* TASK BRIEF: Leave out all pictures while you copy the lines exactly from the one with "St. John Collection" through the last line of the listing.
####
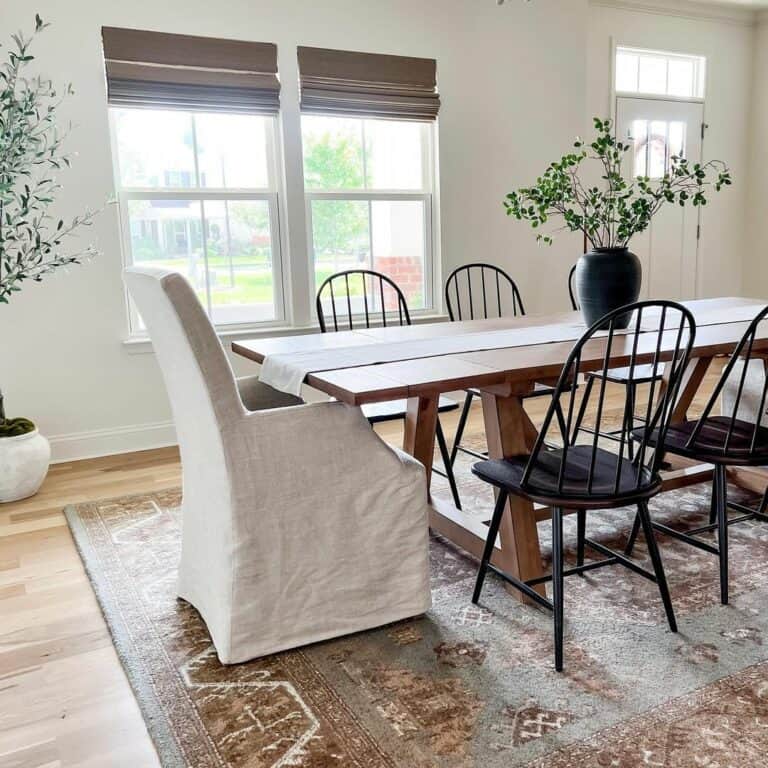 Statement Oriental Rug in Contemporary Dining Room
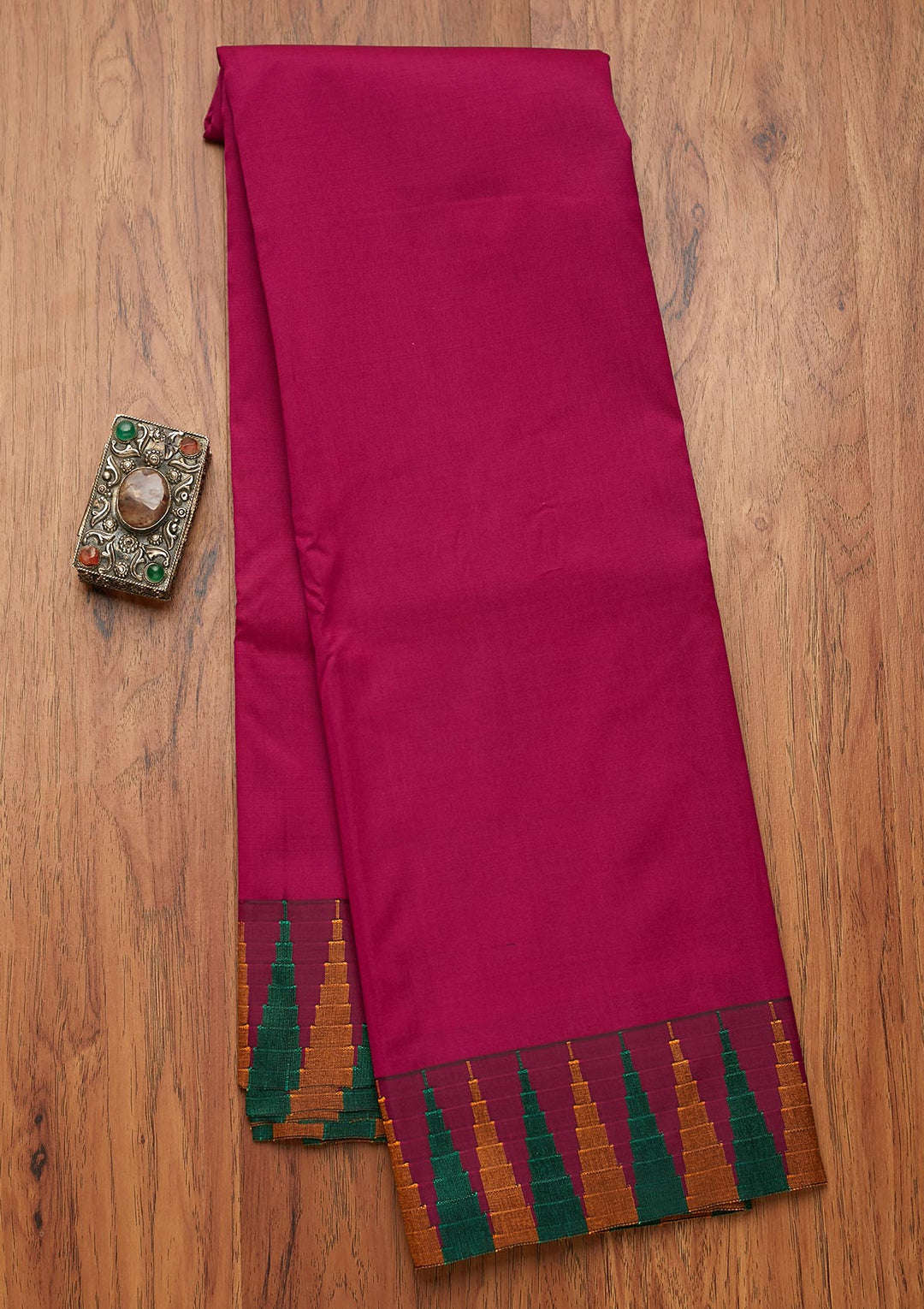 Magenta Pink Zariwork Art Silk Unstitched Saree- Koskii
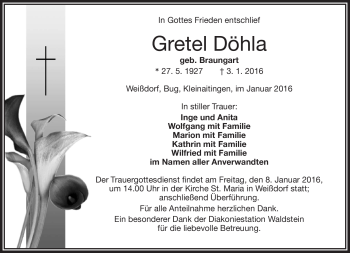 Traueranzeige von Gretel Döhla von Frankenpost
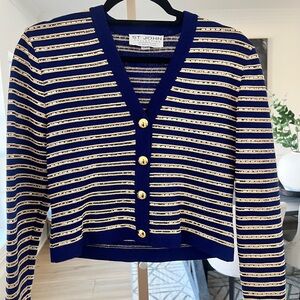 St. John Collection Gold Metallic Stripe Cardigan Royal Blue Knit Sz P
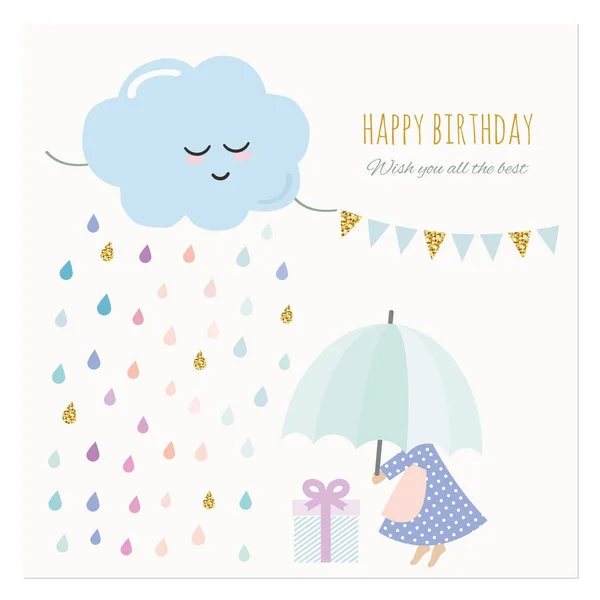 Linda tarjeta de cumpleaños con niña y gotas de lluvia de colores. Dibujos animados de acuarela con elementos de brillo . — Vector de stock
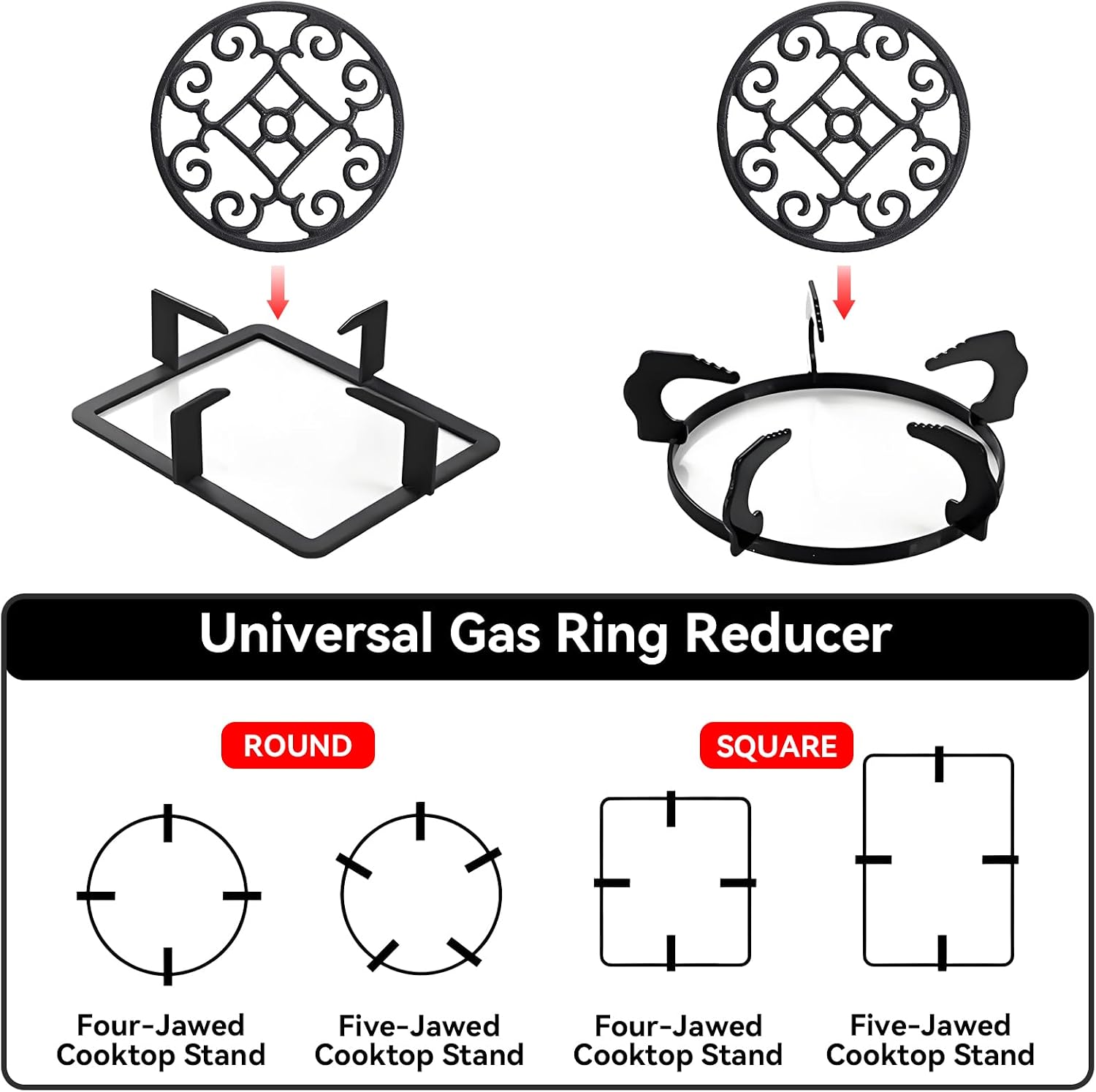 Gas Ring Reducer(New Upgrade), Non Slip Iron Gas Stove Cooker Ring Reducer for Gas Stovetop Espresso Maker, Coffee Moka Pot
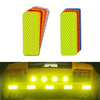 A set of high-visibility reflective strip stickers for car safety, showing various patterns and colors.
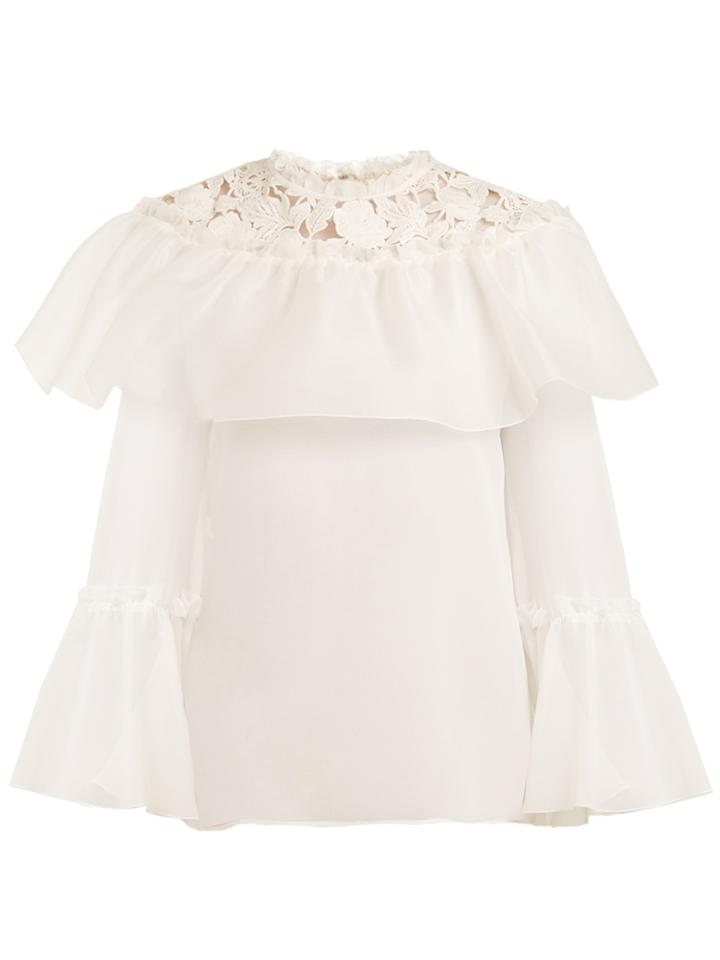 Giambattista Valli Lace-insert Silk-georgette Blouse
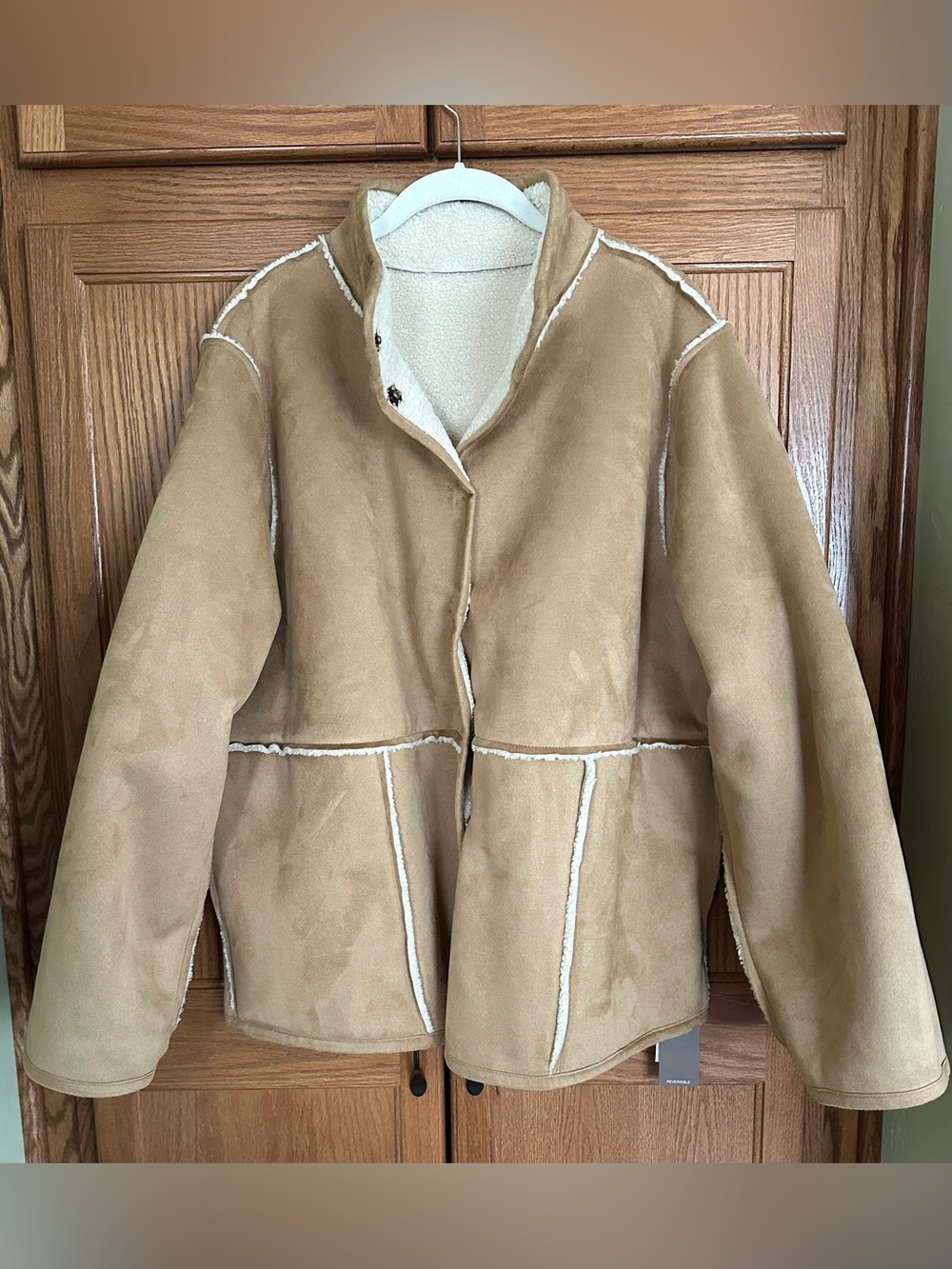 J. Jill Reversible Teddy Coat Oatmeal/Camel NWT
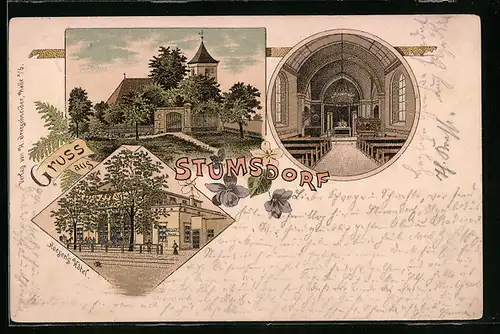 Lithographie Stumsdorf, Roegen`s Hotel, Pfarrkirche mit Innenansicht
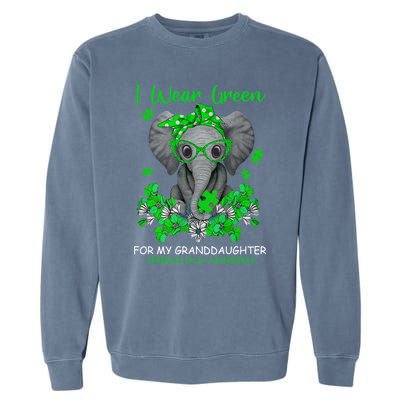 I Wear Green For My Granddaughter Cerebral Palsy Awareness Gift Garment-Dyed Sweatshirt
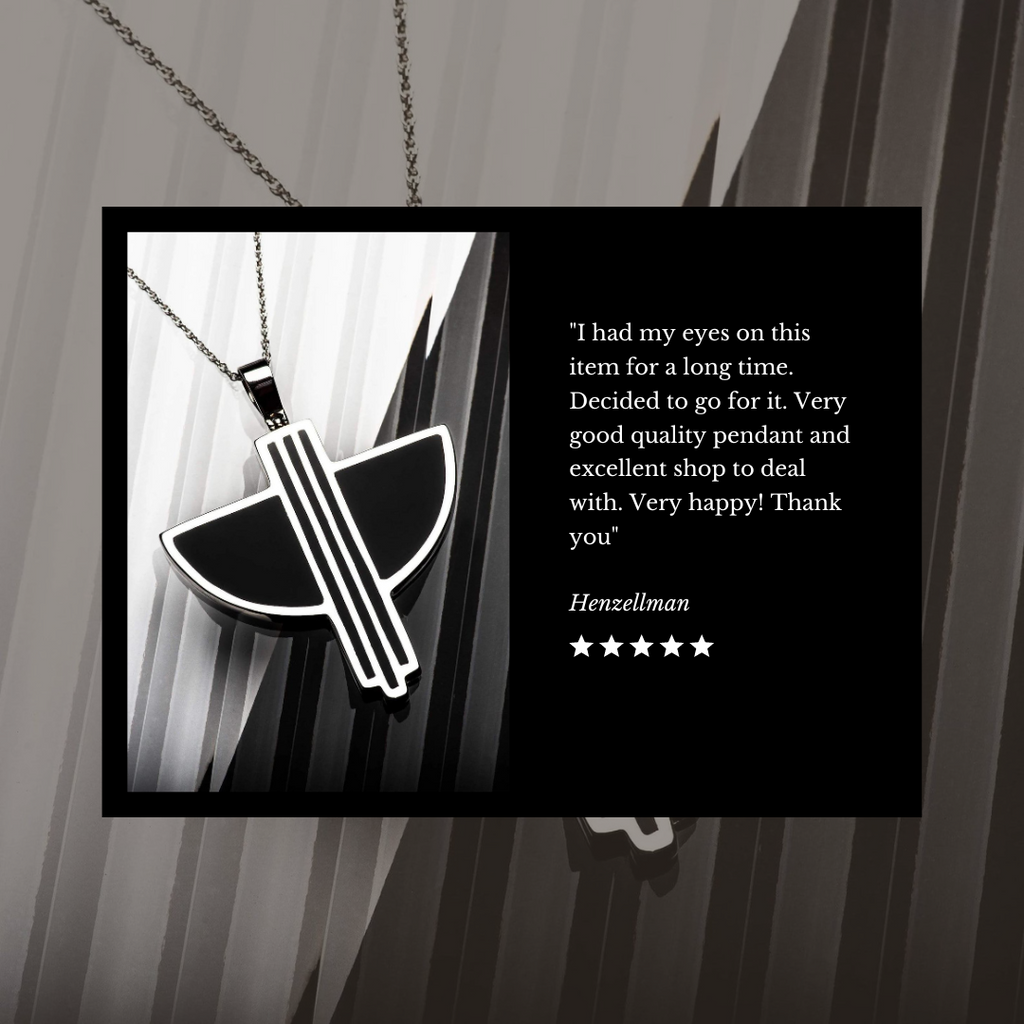 Five-star review of art deco Angel pendant, a black and silver pendant inspired by Art Deco style 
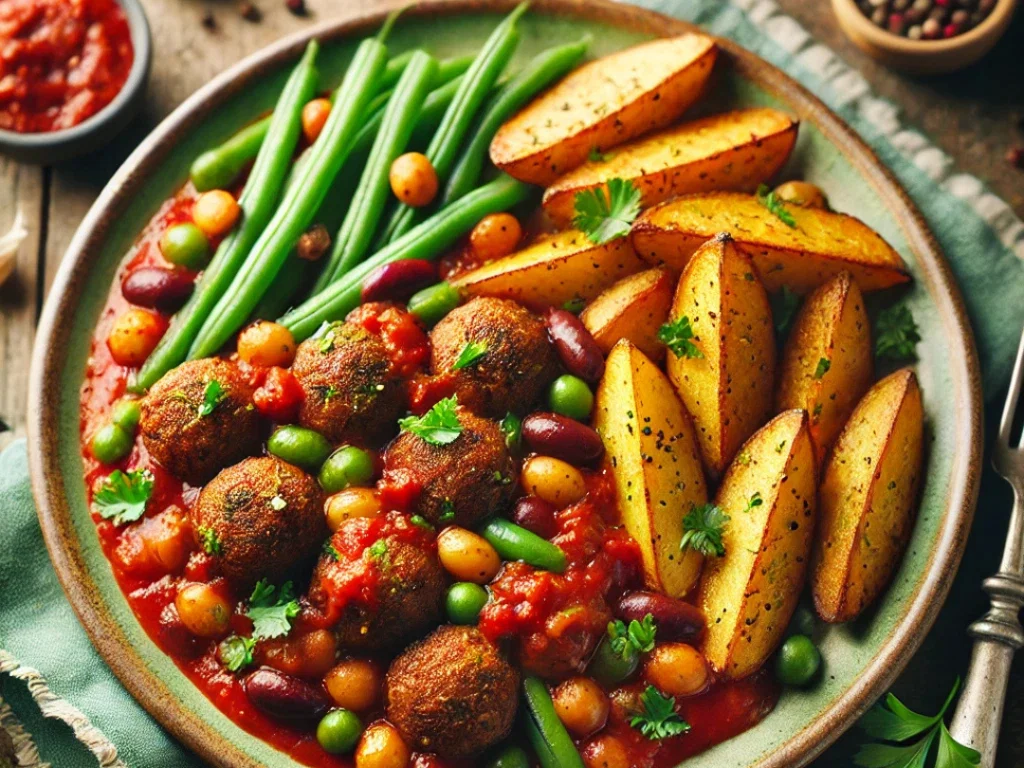 Ofenkartoffeln mit veganem Hack und buntem Gemüse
####
* RESPONSE AREA:
 St. John Collection Gold Metallic Stripe Cardigan Royal Blue Knit Sz P
 Linda tarjeta de cumpleaños con niña y gotas de lluvia de colores. Dibujos animados de acuarela con elementos de brillo . — Vector de stock
 Gas Ring Reducer(New Upgrade), Non Slip Iron Gas Stove Cooker Ring Reducer for Gas Stovetop Espresso Maker, Coffee Moka Pot
 A set of high-visibility reflective strip stickers for car safety, showing various patterns and colors.
 Giambattista Valli Lace-insert Silk-georgette Blouse
 J. Jill Reversible Teddy Coat Oatmeal/Camel NWT
 Lithographie Stumsdorf, Roegen`s Hotel, Pfarrkirche mit Innenansicht
 I Wear Green For My Granddaughter Cerebral Palsy Awareness Gift Garment-Dyed Sweatshirt
 Five-star review of art deco Angel pendant, a black and silver pendant inspired by Art Deco style 
 Ofenkartoffeln mit veganem Hack und buntem Gemüse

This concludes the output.